*Dataset content:*

:::

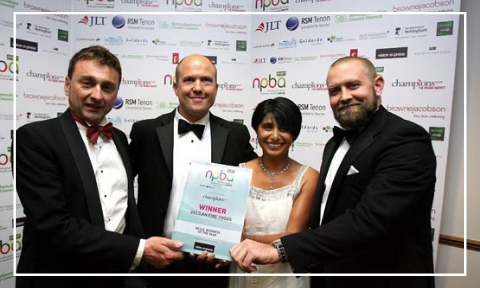 Nik and Sangita from Delilah Fine Foods receiving a catering award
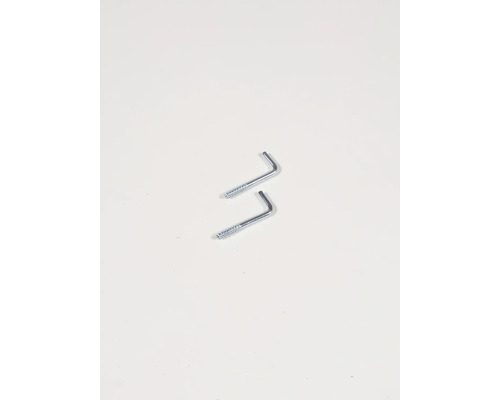 Twee L-vormige schroeven op een lichte achtergrond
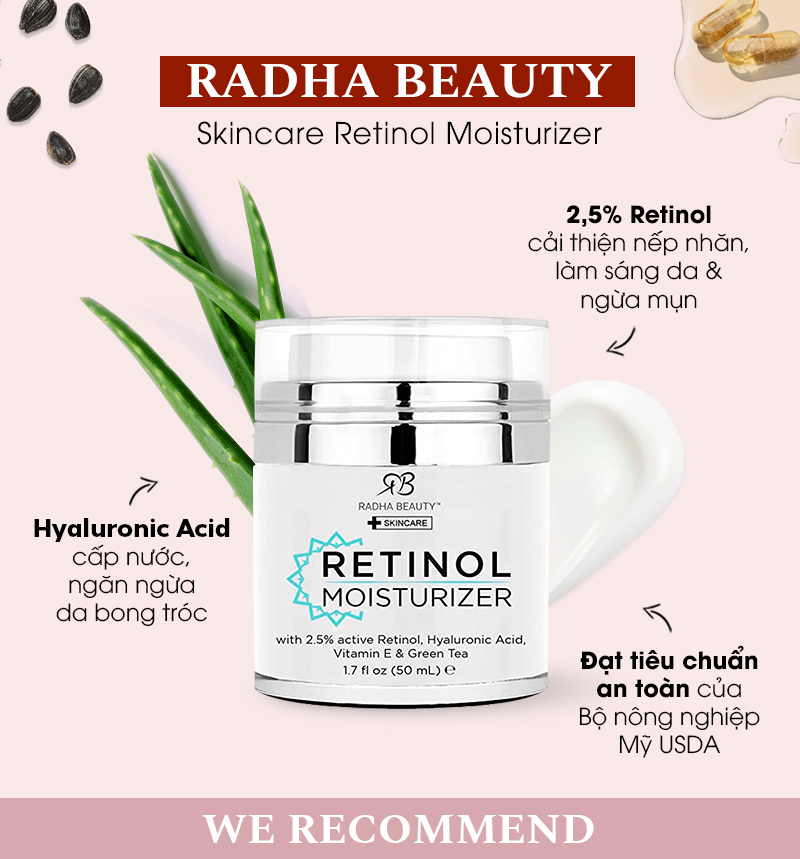 Radha Beauty Retinol Moisturizer chứa 2,5% Retinol, Hyaluronic Acid cấp nước, Vitamin E và trà xanh, giúp cải thiện nếp nhăn, làm sáng da và ngăn ngừa mụn. Sản phẩm đạt tiêu chuẩn an toàn của Bộ nông nghiệp Mỹ USDA.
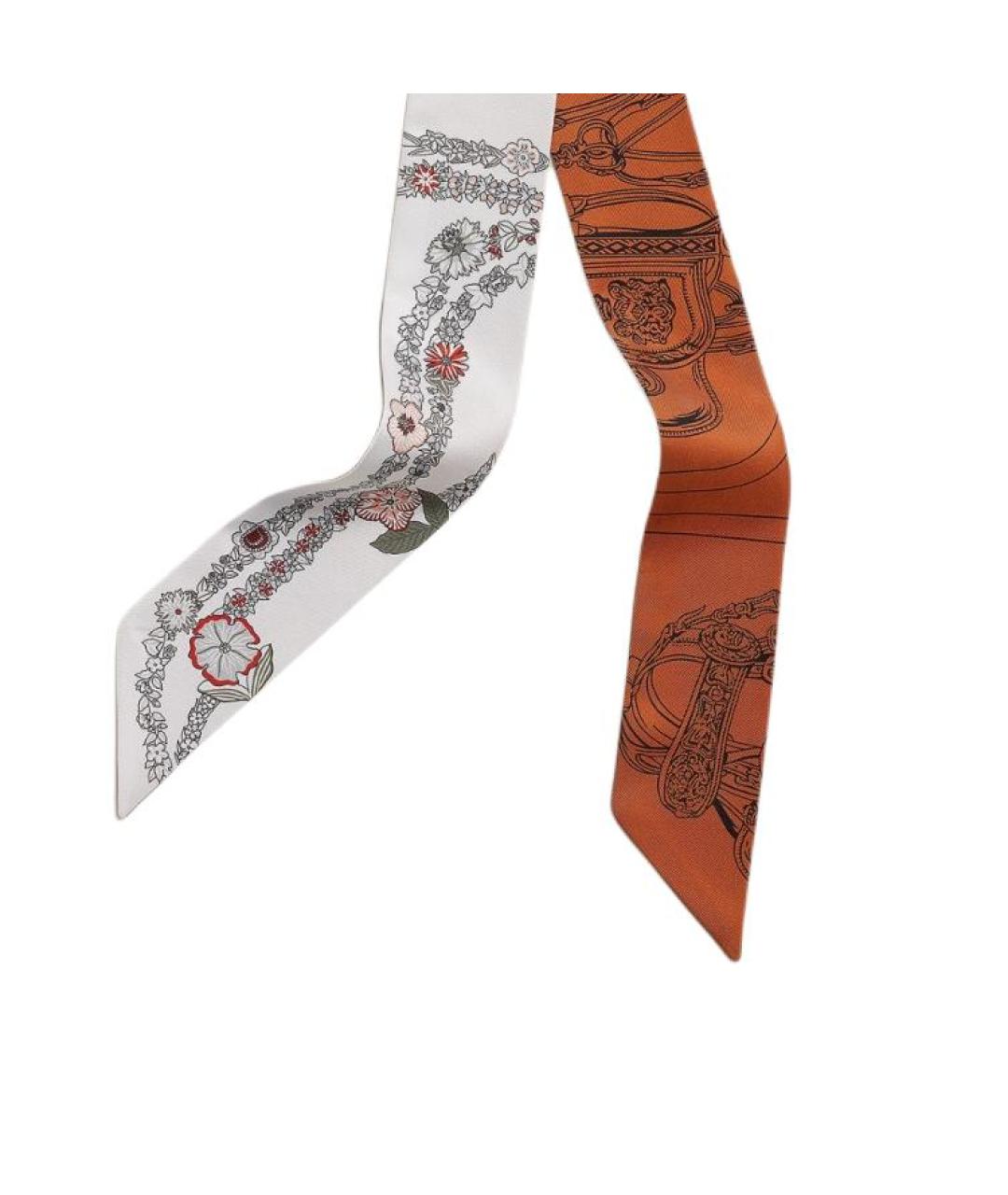 HERMES Красный шелковый шарф, фото 3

:::

*Problem to solve:* Everything in the data above should be set down again exactly, except the pictures.

*Written solution:*
 Nik and Sangita from Delilah Fine Foods receiving a catering award
 Twee L-vormige schroeven op een lichte achtergrond
 Radha Beauty Retinol Moisturizer chứa 2,5% Retinol, Hyaluronic Acid cấp nước, Vitamin E và trà xanh, giúp cải thiện nếp nhăn, làm sáng da và ngăn ngừa mụn. Sản phẩm đạt tiêu chuẩn an toàn của Bộ nông nghiệp Mỹ USDA.
 HERMES Красный шелковый шарф, фото 3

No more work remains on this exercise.